How to get started with Blockchain
Even though blockchain is a hot topic with the experts calling it the next frontier in global commerce, it still is new and a developing technology. There are many concerns regarding its implementation in the real life scenarios. One, it is a complex programming language and the internal IT team is not well equipped to gain in-house expertise for the technology. The companies might have to depend solely on a technology partner. Second, it relies on network effect. That means for blockchain to succeed truly, more people in the supply chain need to participate on the platform consistently. Its return on investment is directly dependent on the number of people use it. Third, the technology has become an international political issue due to divided stance of global leaders on the aspects related to data privacy and control. Where some countries have shown a positive stance, the others have declared it in direct conflict with their respective national interest. At present, logistics companies might be hesitant to apply blockchain to the whole supply chain at global level. However, blockchain is definitely a solution to many costly operational processes, especially freight contract and fulfillment. It is true that to derive the most value, blockchain is to be implemented end-to-end, procurement to customer delivery. However, to start with, we advise our customer to start on individual processes. We work with our customers by identifying a use-case that can reap huge monetary benefits or greatly improve customer satisfaction. The DreamOrbit team helps to scope out the technology plan and develop a proof of concept. Once the POC is refined, our team deploys the MVP of the product and stepped up continuously to include more functionalities and customer data until it is ready for full-volume production.

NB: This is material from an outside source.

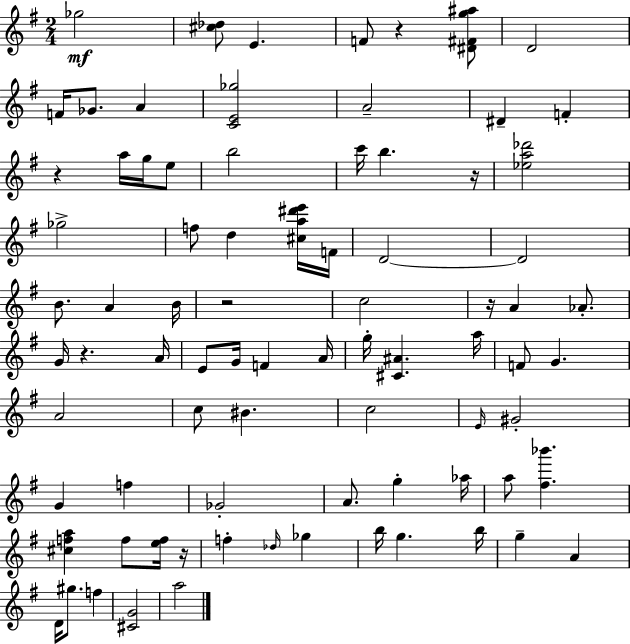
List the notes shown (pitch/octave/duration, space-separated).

Gb5/h [C#5,Db5]/e E4/q. F4/e R/q [D#4,F#4,G5,A#5]/e D4/h F4/s Gb4/e. A4/q [C4,E4,Gb5]/h A4/h D#4/q F4/q R/q A5/s G5/s E5/e B5/h C6/s B5/q. R/s [Eb5,A5,Db6]/h Gb5/h F5/e D5/q [C#5,A5,D#6,E6]/s F4/s D4/h D4/h B4/e. A4/q B4/s R/h C5/h R/s A4/q Ab4/e. G4/s R/q. A4/s E4/e G4/s F4/q A4/s G5/s [C#4,A#4]/q. A5/s F4/e G4/q. A4/h C5/e BIS4/q. C5/h E4/s G#4/h G4/q F5/q Gb4/h A4/e. G5/q Ab5/s A5/e [F#5,Bb6]/q. [C#5,F5,A5]/q F5/e [E5,F5]/s R/s F5/q Db5/s Gb5/q B5/s G5/q. B5/s G5/q A4/q D4/s G#5/e. F5/q [C#4,G4]/h A5/h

As you can see in the figure below. The tasks along the supply chain of receiving quotes, awarding tender, scheduling pickup, and tracking until delivery are building blockchain that offers smart contract solution automating final payments. Each layer is foundation to the next one. Solutions for processes and sub-processes within can build up to a holistic solution eventually. The dream of one operating system for logistics can turn to reality.